Agglomerative cluster has a “rich get richer” behavior that leads to uneven cluster sizes. In this regard, single linkage is the worst strategy, and Ward gives the most regular sizes. However, the affinity (or distance used in clustering) cannot be varied with Ward, thus for non Euclidean metrics, average linkage is a good alternative. Single linkage, while not robust to noisy data, can be computed very efficiently and can therefore be useful to provide hierarchical clustering of larger datasets. Single linkage can also perform well on non-globular data.


2. Visualization of cluster hierarchy

It’s possible to visualize the tree representing the hierarchical merging of clusters as a dendrogram. Visual inspection can often be useful for understanding the structure of the data, though more so in the case of small sample sizes.

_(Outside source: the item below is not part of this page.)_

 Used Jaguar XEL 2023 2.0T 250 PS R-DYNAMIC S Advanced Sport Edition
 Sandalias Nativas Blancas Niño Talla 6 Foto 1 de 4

3. Adding connectivity constraints

An interesting aspect of AgglomerativeClustering is that connectivity constraints can be added to this algorithm (only adjacent clusters can be merged together), through a connectivity matrix that defines for each sample the neighboring samples following a given structure of the data. For instance, in the swiss-roll example below, the connectivity constraints forbid the merging of points that are not adjacent on the swiss roll, and thus avoid forming clusters that extend across overlapping folds of the roll.

These constraint are useful to impose a certain local structure, but they also make the algorithm faster, especially when the number of the samples is high.

The connectivity constraints are imposed via an connectivity matrix: a scipy sparse matrix that has elements only at the intersection of a row and a column with indices of the dataset that should be connected. This matrix can be constructed from a-priori information: for instance, you may wish to cluster web pages by only merging pages with a link pointing from one to another. It can also be learned from the data, for instance using sklearn.neighbors.kneighbors_graph to restrict merging to nearest neighbors as in this example, or using sklearn.feature_extraction.image.grid_to_graph to enable only merging of neighboring pixels on an image, as in the coin example.


4. Varying the metric

Single, average and complete linkage can be used with a variety of distances (or affinities), in particular Euclidean distance (l2), Manhattan distance (or Cityblock, or l1), cosine distance, or any precomputed affinity matrix.

  • l1 distance is often good for sparse features, or sparse noise: i.e. many of the features are zero, as in text mining using occurrences of rare words.

  • cosine distance is interesting because it is invariant to global scalings of the signal.

The guidelines for choosing a metric is to use one that maximizes the distance between samples in different classes, and minimizes that within each class.